[Image-caption web data]

•••

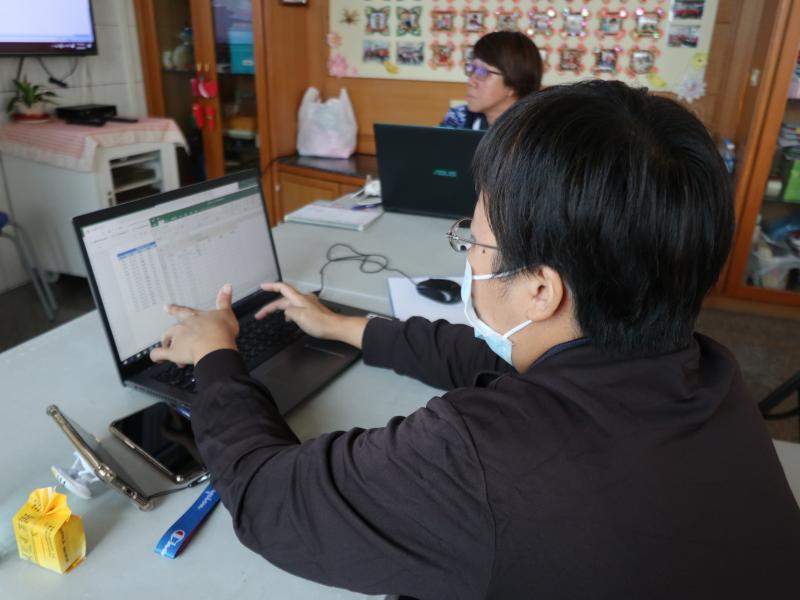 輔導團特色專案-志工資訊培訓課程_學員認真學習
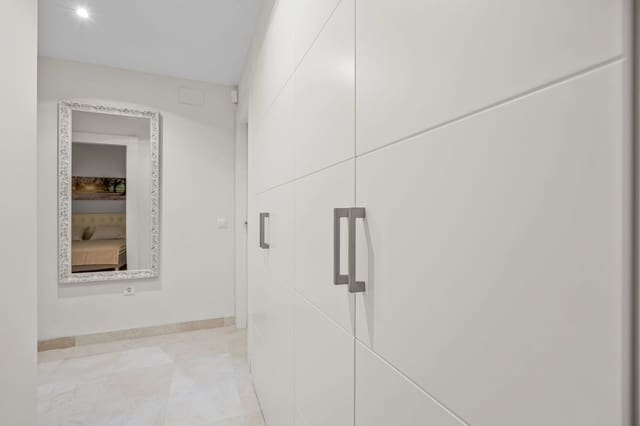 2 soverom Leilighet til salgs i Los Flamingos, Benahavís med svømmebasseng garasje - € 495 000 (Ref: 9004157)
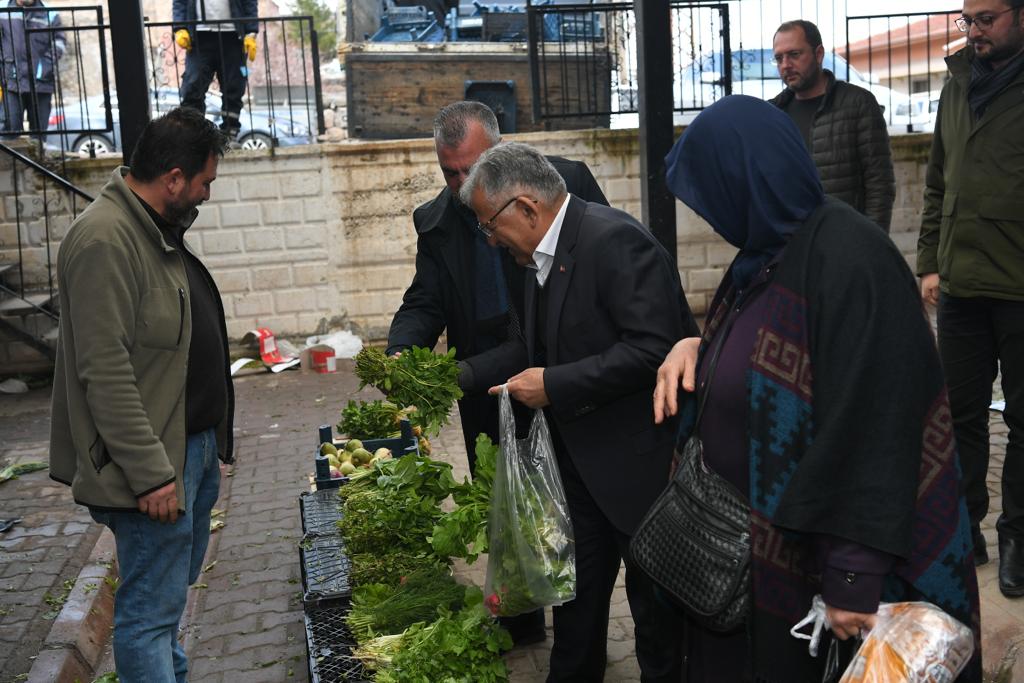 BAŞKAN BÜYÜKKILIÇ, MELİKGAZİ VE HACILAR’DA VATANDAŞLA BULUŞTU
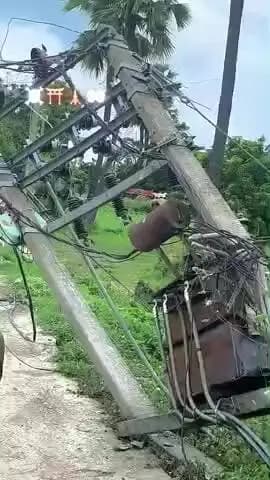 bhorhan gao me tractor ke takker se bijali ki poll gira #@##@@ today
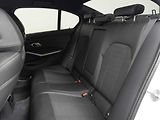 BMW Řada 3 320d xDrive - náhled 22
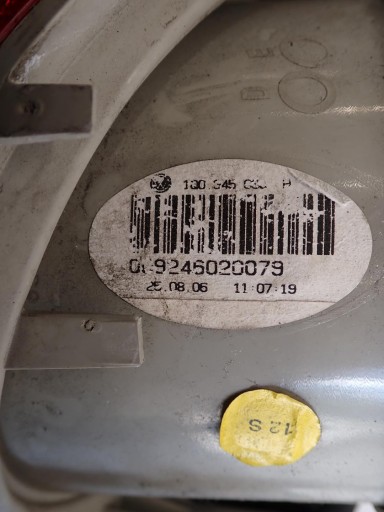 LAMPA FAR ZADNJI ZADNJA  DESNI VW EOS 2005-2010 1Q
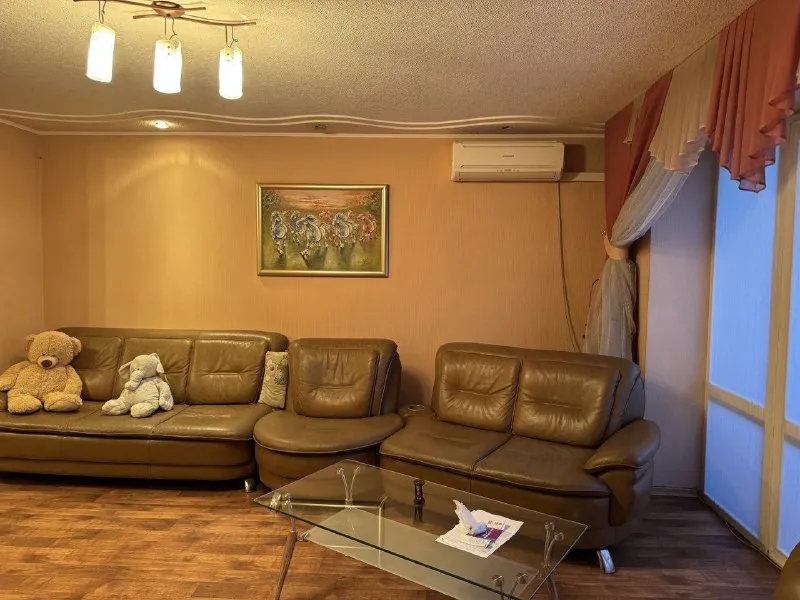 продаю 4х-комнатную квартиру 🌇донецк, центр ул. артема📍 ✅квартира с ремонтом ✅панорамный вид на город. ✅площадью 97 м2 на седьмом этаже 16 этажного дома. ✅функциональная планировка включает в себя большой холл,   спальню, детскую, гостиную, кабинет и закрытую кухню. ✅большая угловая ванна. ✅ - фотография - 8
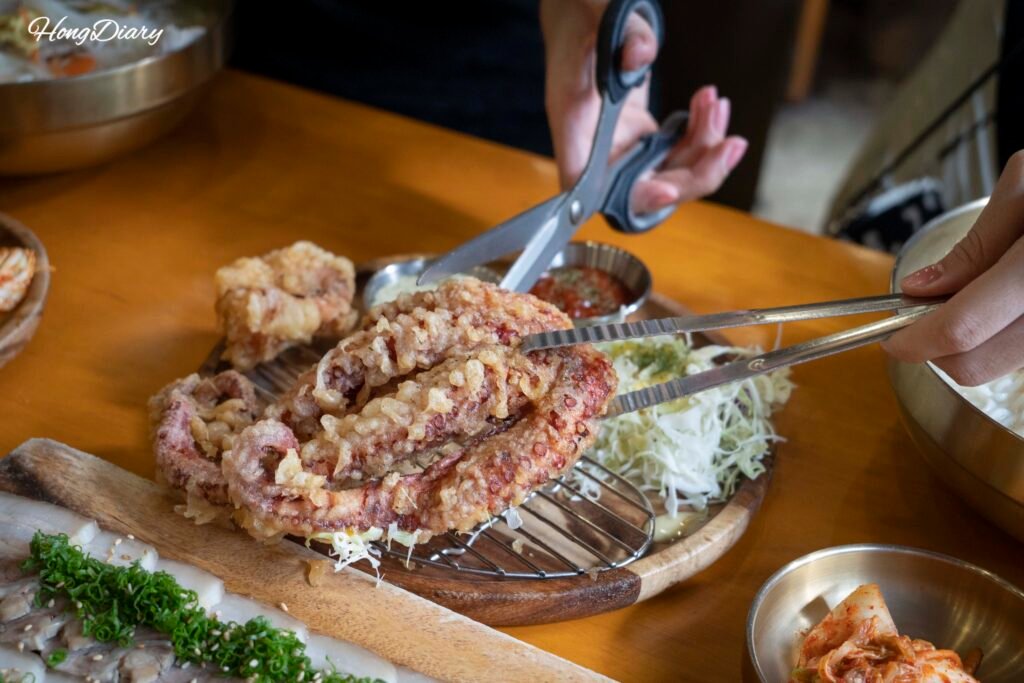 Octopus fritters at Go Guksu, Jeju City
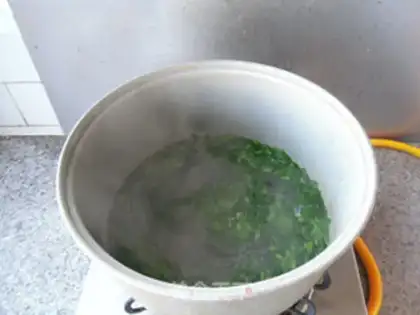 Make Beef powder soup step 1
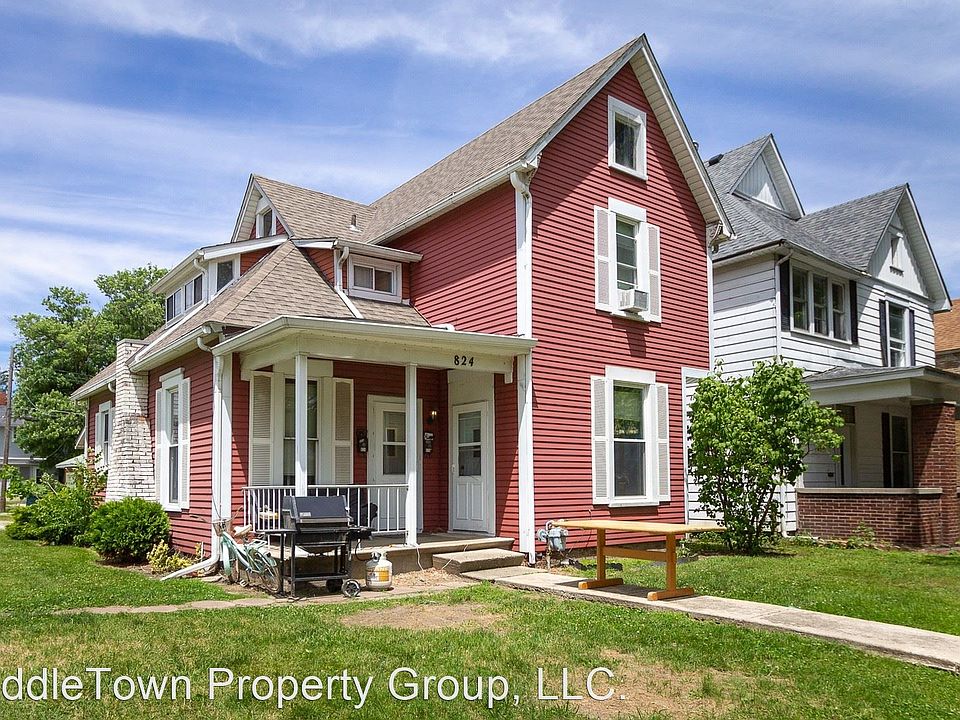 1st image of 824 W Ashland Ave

•••

TASK PROMPT — Copy exactly the lines from the line that has "продаю 4х-комнатную квартиру" through the last line of the entries above, inclusive, and no others. Pictures do not go in the copy.

WRITTEN RESPONSE —
 продаю 4х-комнатную квартиру 🌇донецк, центр ул. артема📍 ✅квартира с ремонтом ✅панорамный вид на город. ✅площадью 97 м2 на седьмом этаже 16 этажного дома. ✅функциональная планировка включает в себя большой холл,   спальню, детскую, гостиную, кабинет и закрытую кухню. ✅большая угловая ванна. ✅ - фотография - 8
 Octopus fritters at Go Guksu, Jeju City
 Make Beef powder soup step 1
 1st image of 824 W Ashland Ave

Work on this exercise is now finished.